Chefs’ shortage hits Birmingham's 'Balti'cuisine

Chefs’ shortage hits Birmingham`s `Balti`cuisine London: A shortage of chefs is threatening the existence of 'Balti', Birmingham's favourite dish that the city council is trying to trademark.

In a submission to the Home Office, the Birmingham Chamber of Commerce and Industry said the city's Asian restaurant and catering firms were facing huge problems in recruiting suitably qualified and experienced staff, mainly head chefs.

"The city is not only the birthplace of the dish, but also home to the UK's premier community of Balti restaurants and businesses - The Balti Triangle", a spokesman of the Birmingham City Council said.

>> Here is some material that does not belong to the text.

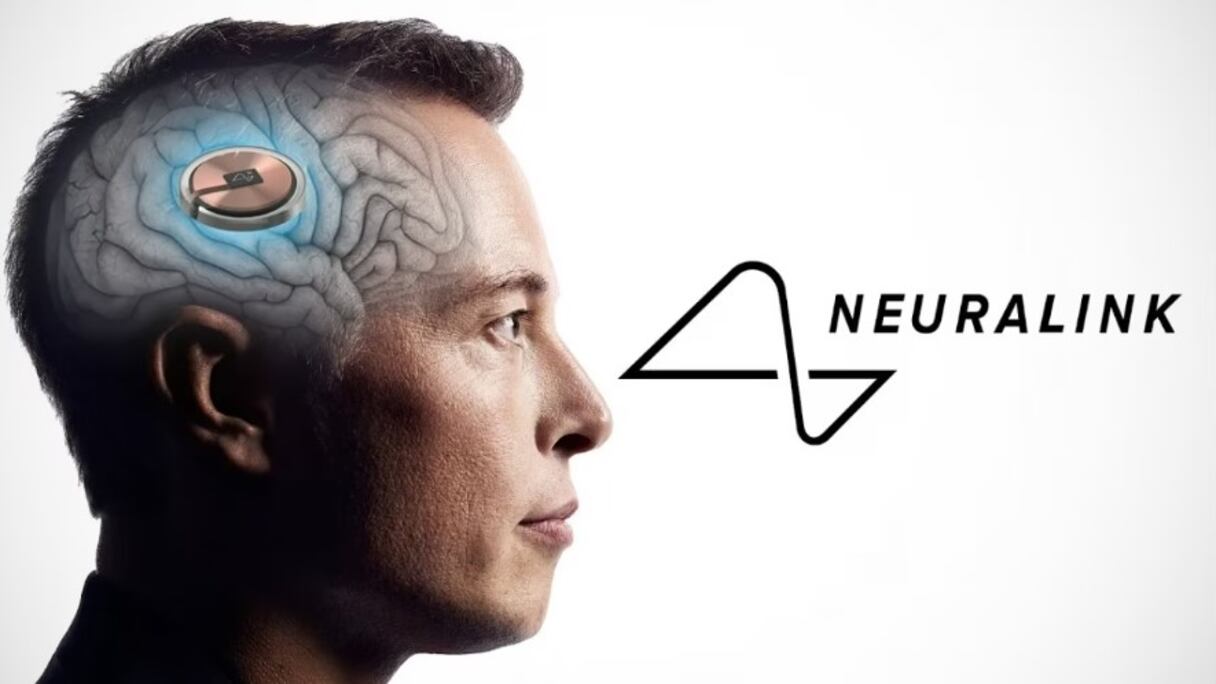 شركة "Neuralink" المملوكة للملياردير ماسك تعلن حصولها على ترخيص لإجراء تجربة زراعة شريحة إلكترونية في دماغ بشري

The hotel and restaurant sector is a key contributor to the economy of the West Midlands, where approximately 59,300 companies in this sector employ over half a million people.

The Chamber is lobbying with the Home office's Migration Advisory Committee to give more importance to the occupation of a chef. They are demanding that the job profile should be listed on the second National Occupation Shortage List, which would enable easier recruitment of qualified chefs from the Indian sub-continent.

"In Europe people train to be professional waiters but in the UK the sector is seen as a stepping stone between jobs. The hospitality sector must be seen as a valid arena to gain real work experience and to establish a professional career," said Kiran Virk, Policy Advisor at the Chamber.